A&B sagt, dass es eine abwechslungsreichere Landwirtschaft verfolgen will, wird aber nicht konkret. Deshalb befürchten einige, dass A&B auch weiterhin auf große Plantagen setzen will.
Wenn Hawaii tatsächlich Landwirtschaft voranbringen will, brauchen die Bewohner auch Kontrolle über das Wasser. Noch sind allerdings weniger als ein Zehntel von Mauis Wasserreserven in öffentlicher Hand. Selbst wenn Milliarden Liter Wasser auf öffentlichem Land entspringen. A&B besitzt den Rest und der überwiegende Teil davon geht in die landwirtschaftliche Bewässerung.
"A&B hat gesagt, dass es das Wasser für die nächsten 30 Jahre kontrollieren möchte, ob sie es benutzen oder nicht", sagte Pell.

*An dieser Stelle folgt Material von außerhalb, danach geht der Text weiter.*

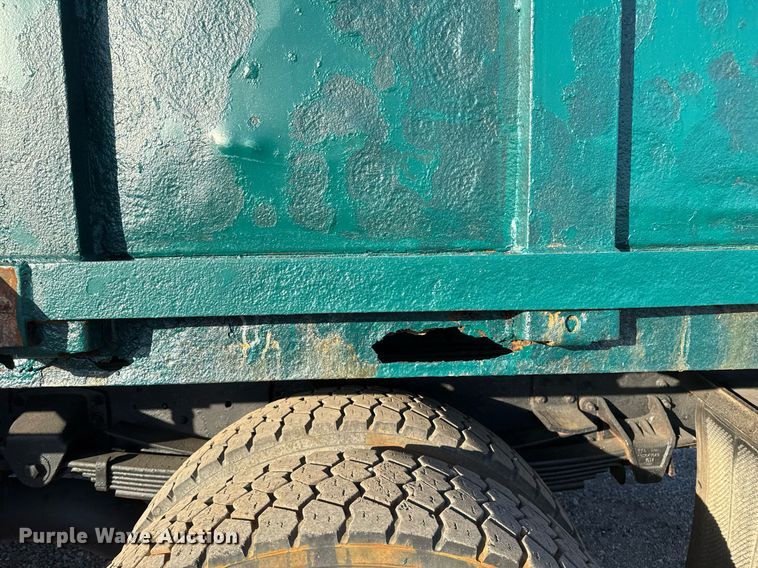 image for item EG2449 2009 GMC C7500 dump truck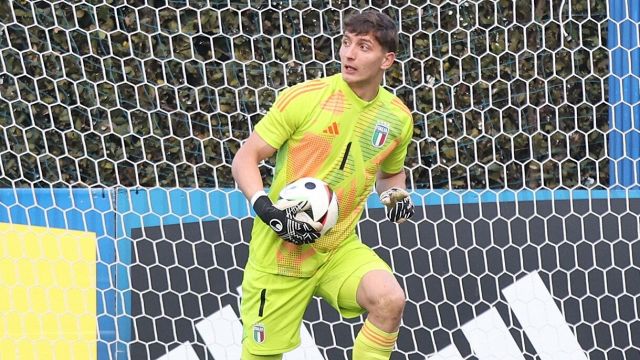 chi è il terzo portiere all'esordio in A, due metri e un titolo già vinto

Dagegen will Albert Perez mobil machen. Der Direktor des Umwelt-Nonprofits "Maui Tomorrow" trommelt dazu nachhaltig arbeitende Landwirte zusammen. "Viele Bauern meinen es ernst, sie wollen die Landwirtschaft und ihr Wasser zurück", sagte er. "A&B kümmert sich nicht wirklich um die Landwirtschaft." Sie ist auch nur ein Teil des Portfolios. Auf seiner Webseite listet das Unternehmen Landwirtschaft auch nur als einen Teilbereich auf, neben Immobilien- und Infrastrukturaufbau.
Die Bewohner der Insel haben deshalb einen der Ihren gewählt, um sie im Bezirksrat von Maui zu vertreten. Der Bio-Landwirt Alika Atay hat zwar keine politische Erfahrung und auch nur wenig Geld für seine Kampagne.
Aber, sagt er, sein Sieg zeige, dass die Leute gewillt sind, Permakultur und traditionelle Landwirtschaft zurück nach Hawaii zu bringen. Die Einwohner nehmen Nachhaltigkeit ernst und seien bereit, sich mit den "Big Five" anzulegen.
"Die Leute fragen uns: 'Wie bauen wir etwas an, das wir auch hier nutzen können?", sagt Atay. "Also gehen wir in kleinen Schritten vorwärts zu einem nachhaltigen Maui ... Wir alle müssen gemeinsam am Tisch sitzen, andernfalls landen wir nur auf der Speisekarte."